Partition Loss Policies issues

classic Classic list List threaded Threaded
3 messages Options
Reply | Threaded
Open this post in threaded view
|

Partition Loss Policies issues

Stanislav Lukyanov
Hi Igniters,

I've been looking into various scenarios of Partition Loss Policies usage recently,
and found a number of issues in the current implementation.

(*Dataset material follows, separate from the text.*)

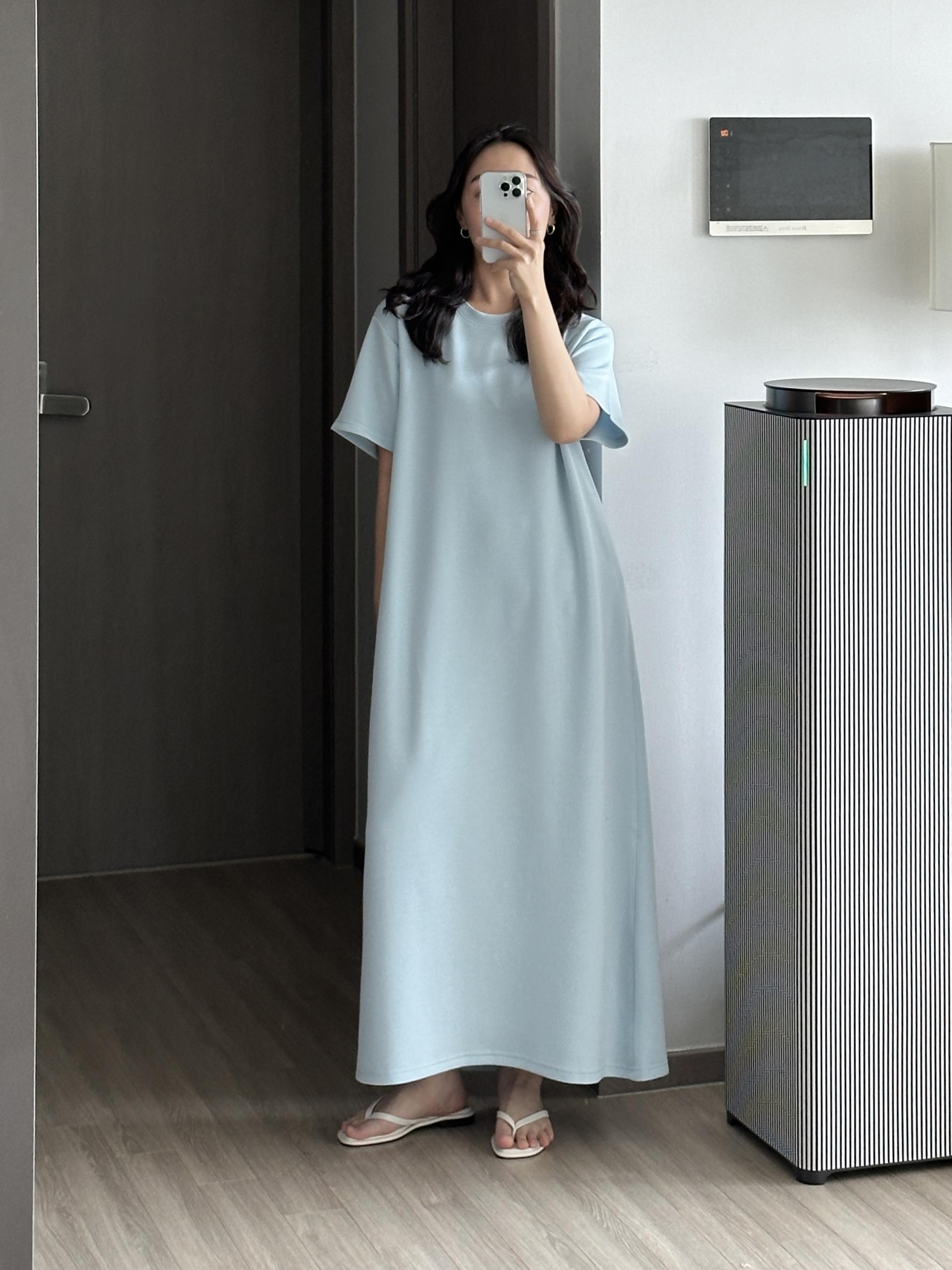 젤리 원피스 | 3 COLOR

I'll start with an overview, but if you'd like to dive to a proposal I have right now then please
feel free to scroll down to TLDR.

The list of issues is below:
https://issues.apache.org/jira/browse/IGNITE-10041: Partition loss policies work incorrectly with BLT
https://issues.apache.org/jira/browse/IGNITE-10043: Lost partitions list is reset when only one server is alive in the cluster
https://issues.apache.org/jira/browse/IGNITE-9841: SQL doesn't take lost partitions into account when persistence is enabled
https://issues.apache.org/jira/browse/IGNITE-10057: SQL queries hang during rebalance if there are LOST partitions
https://issues.apache.org/jira/browse/IGNITE-9902: ScanQuery doesn't take lost partitions into account
https://issues.apache.org/jira/browse/IGNITE-10059: Local scan query against LOST partition fails
https://issues.apache.org/jira/browse/IGNITE-10044: LOST partition is marked as OWNING after the owner rejoins with existing persistent data
https://issues.apache.org/jira/browse/IGNITE-10058: resetLostPartitions() leaves an additional copy of a partition in the cluster

I'm sure this is not a complete list, but this is what I could find by tackling how queries and
persistence interact with current handling of partition loss.

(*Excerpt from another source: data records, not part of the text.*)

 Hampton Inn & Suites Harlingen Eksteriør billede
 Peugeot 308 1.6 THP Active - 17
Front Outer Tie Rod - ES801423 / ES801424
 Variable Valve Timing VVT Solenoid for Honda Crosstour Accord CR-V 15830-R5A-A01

It seems that the issues - from this list and some other fixed recently - can be split into three categories
- corner case bugs - there are always some, and we can fix them as they show up
- handling of lost partitions by different APIs - while JCache API handles lost partitions fine,
SQL and Scan queries have known issues; other APIs, such different types of queries, DataStreamer,
etc probably need to have more testing
- Partition Loss Policices + BLT (https://issues.apache.org/jira/browse/IGNITE-10041) - BLT seems
to be fundametally conflicting with the pre-existing semantics of partition loss

While the former two categories can be solved case-by-case, the last one needs a wider design effort.
We need to reimagine our partition loss semantics for BLT, and change behavior accordingly.
For now, most of the features don't really work for a cache with BLT, with only READ_WRITE_SAFE and
READ_ONLY_SAFE working correctly (good thing - these two are the most useful policies anyway).

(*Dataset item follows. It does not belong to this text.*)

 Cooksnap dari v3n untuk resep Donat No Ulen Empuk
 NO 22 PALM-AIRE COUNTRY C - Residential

TLDR: we have issues with partition loss policices, and the largest one is that BLT semantics
conflict with most partition lost policices, and we need to address this somehow.

What I suggest to do right now:
1. Deny the configurations that don't work - e.g. just throw an exception if a cache starts
with BLT and PartitionLossPolicy.IGNORE or others.
2. Change default PartitionLossPolicy to READ_WRITE_SAFE *for persistent caches only*.
This is what effectively in place for the persistent caches already (since IGNORE semantics are
not supported), so this shouldn't bring a lot of compatibility issues.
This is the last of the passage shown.